GIVEN INFORMATION ->

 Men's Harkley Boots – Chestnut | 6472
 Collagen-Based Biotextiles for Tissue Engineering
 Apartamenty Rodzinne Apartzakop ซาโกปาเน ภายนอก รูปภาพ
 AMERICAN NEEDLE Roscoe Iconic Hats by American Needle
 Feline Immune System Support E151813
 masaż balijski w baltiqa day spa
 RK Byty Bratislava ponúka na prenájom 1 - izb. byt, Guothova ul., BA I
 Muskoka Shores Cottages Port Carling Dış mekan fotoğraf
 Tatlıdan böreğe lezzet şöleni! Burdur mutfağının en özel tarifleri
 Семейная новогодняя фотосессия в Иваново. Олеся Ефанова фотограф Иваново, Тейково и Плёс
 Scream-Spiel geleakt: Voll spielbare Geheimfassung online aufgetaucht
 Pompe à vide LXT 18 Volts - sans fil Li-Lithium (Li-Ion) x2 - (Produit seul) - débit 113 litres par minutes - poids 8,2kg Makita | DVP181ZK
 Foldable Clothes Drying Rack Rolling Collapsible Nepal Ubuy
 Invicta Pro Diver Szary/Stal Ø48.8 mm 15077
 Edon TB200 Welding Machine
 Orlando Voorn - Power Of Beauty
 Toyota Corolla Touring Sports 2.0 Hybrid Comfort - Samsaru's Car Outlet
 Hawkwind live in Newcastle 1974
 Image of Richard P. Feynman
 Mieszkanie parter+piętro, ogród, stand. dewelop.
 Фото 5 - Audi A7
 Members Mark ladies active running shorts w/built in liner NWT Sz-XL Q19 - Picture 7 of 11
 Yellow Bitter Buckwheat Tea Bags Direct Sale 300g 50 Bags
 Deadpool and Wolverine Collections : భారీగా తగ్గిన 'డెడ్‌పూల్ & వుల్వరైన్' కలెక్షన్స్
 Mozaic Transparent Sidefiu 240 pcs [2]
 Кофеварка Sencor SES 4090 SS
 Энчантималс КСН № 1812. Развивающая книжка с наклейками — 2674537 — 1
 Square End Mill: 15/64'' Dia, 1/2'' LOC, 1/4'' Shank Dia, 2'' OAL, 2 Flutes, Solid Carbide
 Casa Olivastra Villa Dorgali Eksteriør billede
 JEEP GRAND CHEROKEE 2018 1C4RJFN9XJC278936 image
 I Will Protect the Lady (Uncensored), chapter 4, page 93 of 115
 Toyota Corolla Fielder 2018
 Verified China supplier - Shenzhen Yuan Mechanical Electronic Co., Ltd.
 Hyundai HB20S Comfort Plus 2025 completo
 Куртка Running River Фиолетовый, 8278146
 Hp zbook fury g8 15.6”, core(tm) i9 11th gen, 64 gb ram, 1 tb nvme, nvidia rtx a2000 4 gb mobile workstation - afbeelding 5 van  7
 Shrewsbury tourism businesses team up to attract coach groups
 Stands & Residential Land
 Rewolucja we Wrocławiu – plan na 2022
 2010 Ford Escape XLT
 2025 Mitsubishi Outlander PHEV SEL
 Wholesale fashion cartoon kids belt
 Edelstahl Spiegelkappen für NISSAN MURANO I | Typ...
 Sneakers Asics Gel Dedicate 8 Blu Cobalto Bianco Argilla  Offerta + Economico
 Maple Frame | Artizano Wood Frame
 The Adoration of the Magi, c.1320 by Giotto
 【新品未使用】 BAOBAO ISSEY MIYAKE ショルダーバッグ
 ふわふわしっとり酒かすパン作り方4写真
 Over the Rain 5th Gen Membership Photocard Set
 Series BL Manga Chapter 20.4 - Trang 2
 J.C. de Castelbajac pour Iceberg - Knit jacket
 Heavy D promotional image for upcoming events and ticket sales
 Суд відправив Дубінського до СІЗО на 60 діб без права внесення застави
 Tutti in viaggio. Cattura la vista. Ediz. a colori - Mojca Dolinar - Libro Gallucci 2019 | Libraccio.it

ASSIGNMENT ->
The expected answer is an exact copy of the lines beginning at the one with "Verified China supplier" and running to the end of the entries above.

RESULT ->
 Verified China supplier - Shenzhen Yuan Mechanical Electronic Co., Ltd.
 Hyundai HB20S Comfort Plus 2025 completo
 Куртка Running River Фиолетовый, 8278146
 Hp zbook fury g8 15.6”, core(tm) i9 11th gen, 64 gb ram, 1 tb nvme, nvidia rtx a2000 4 gb mobile workstation - afbeelding 5 van  7
 Shrewsbury tourism businesses team up to attract coach groups
 Stands & Residential Land
 Rewolucja we Wrocławiu – plan na 2022
 2010 Ford Escape XLT
 2025 Mitsubishi Outlander PHEV SEL
 Wholesale fashion cartoon kids belt
 Edelstahl Spiegelkappen für NISSAN MURANO I | Typ...
 Sneakers Asics Gel Dedicate 8 Blu Cobalto Bianco Argilla  Offerta + Economico
 Maple Frame | Artizano Wood Frame
 The Adoration of the Magi, c.1320 by Giotto
 【新品未使用】 BAOBAO ISSEY MIYAKE ショルダーバッグ
 ふわふわしっとり酒かすパン作り方4写真
 Over the Rain 5th Gen Membership Photocard Set
 Series BL Manga Chapter 20.4 - Trang 2
 J.C. de Castelbajac pour Iceberg - Knit jacket
 Heavy D promotional image for upcoming events and ticket sales
 Суд відправив Дубінського до СІЗО на 60 діб без права внесення застави
 Tutti in viaggio. Cattura la vista. Ediz. a colori - Mojca Dolinar - Libro Gallucci 2019 | Libraccio.it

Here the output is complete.